- **REQUIREMENT**
Your task is to copy the lines from the line containing "That's all about" through the end of the listing below, both included, without any pictures.

- **STORED DATA**
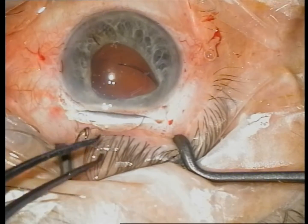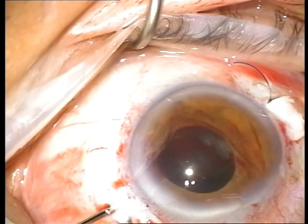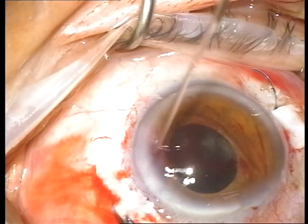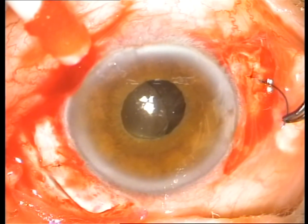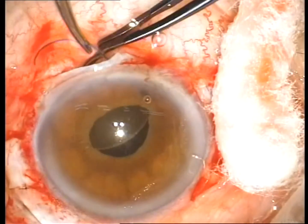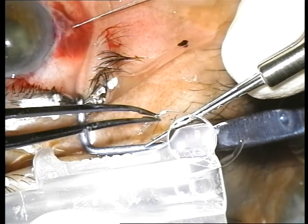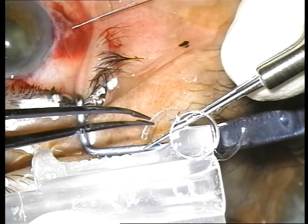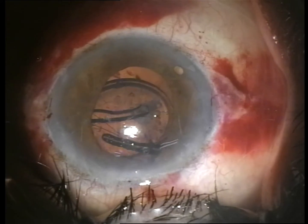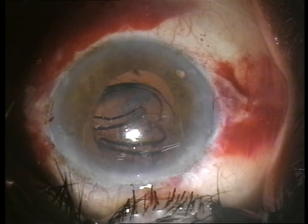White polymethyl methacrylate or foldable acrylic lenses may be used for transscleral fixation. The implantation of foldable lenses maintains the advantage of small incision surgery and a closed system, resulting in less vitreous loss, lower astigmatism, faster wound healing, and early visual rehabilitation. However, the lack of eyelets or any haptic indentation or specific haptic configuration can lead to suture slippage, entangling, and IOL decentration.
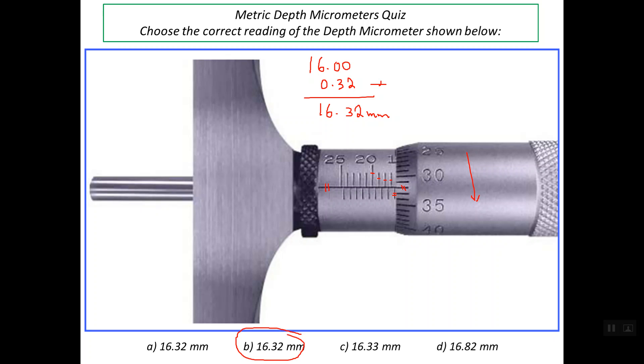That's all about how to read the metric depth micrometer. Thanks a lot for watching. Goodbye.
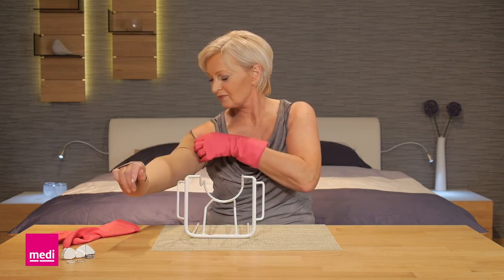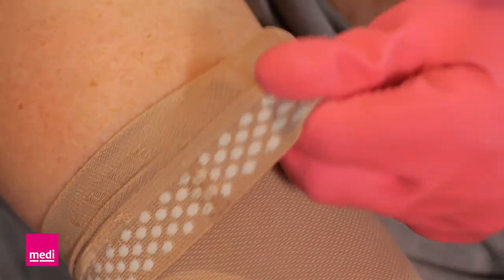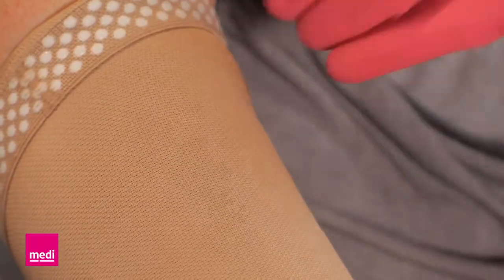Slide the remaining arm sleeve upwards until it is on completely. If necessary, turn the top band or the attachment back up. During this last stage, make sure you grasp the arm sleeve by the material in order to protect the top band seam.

- **WRITTEN REPLY**
That's all about how to read the metric depth micrometer. Thanks a lot for watching. Goodbye.
Slide the remaining arm sleeve upwards until it is on completely. If necessary, turn the top band or the attachment back up. During this last stage, make sure you grasp the arm sleeve by the material in order to protect the top band seam.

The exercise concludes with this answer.